■ Exercise aim: Could you repeat the listing below exactly while leaving its pictures behind?

■ Dataset content:
──────────────────────────────
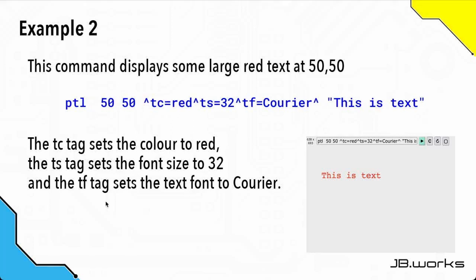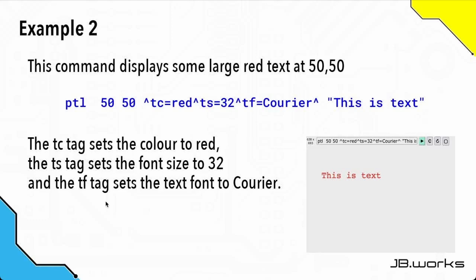Let's have a look at an example of the ptl command that uses tags. As usual, we have the ptl command at the beginning, then the x and y position. Notice we've inserted the tags before the text we want to display. This command will set the text color to red, the text size to 32, and the text font to courier. The font determines the style of the text that you'll see. In this case, we've got courier, and you can see the result here.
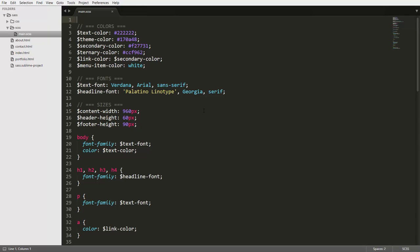Alright guys, let's look at another cool feature of SASS, and that is partials. Now what exactly are partials?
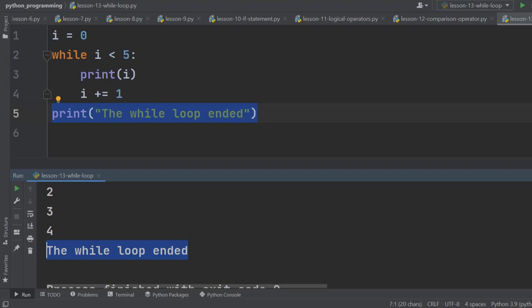In the next lesson, we are going to build a guessing game using the concept of while loop.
──────────────────────────────
■ Expected answer:
Let's have a look at an example of the ptl command that uses tags. As usual, we have the ptl command at the beginning, then the x and y position. Notice we've inserted the tags before the text we want to display. This command will set the text color to red, the text size to 32, and the text font to courier. The font determines the style of the text that you'll see. In this case, we've got courier, and you can see the result here.
Alright guys, let's look at another cool feature of SASS, and that is partials. Now what exactly are partials?
In the next lesson, we are going to build a guessing game using the concept of while loop.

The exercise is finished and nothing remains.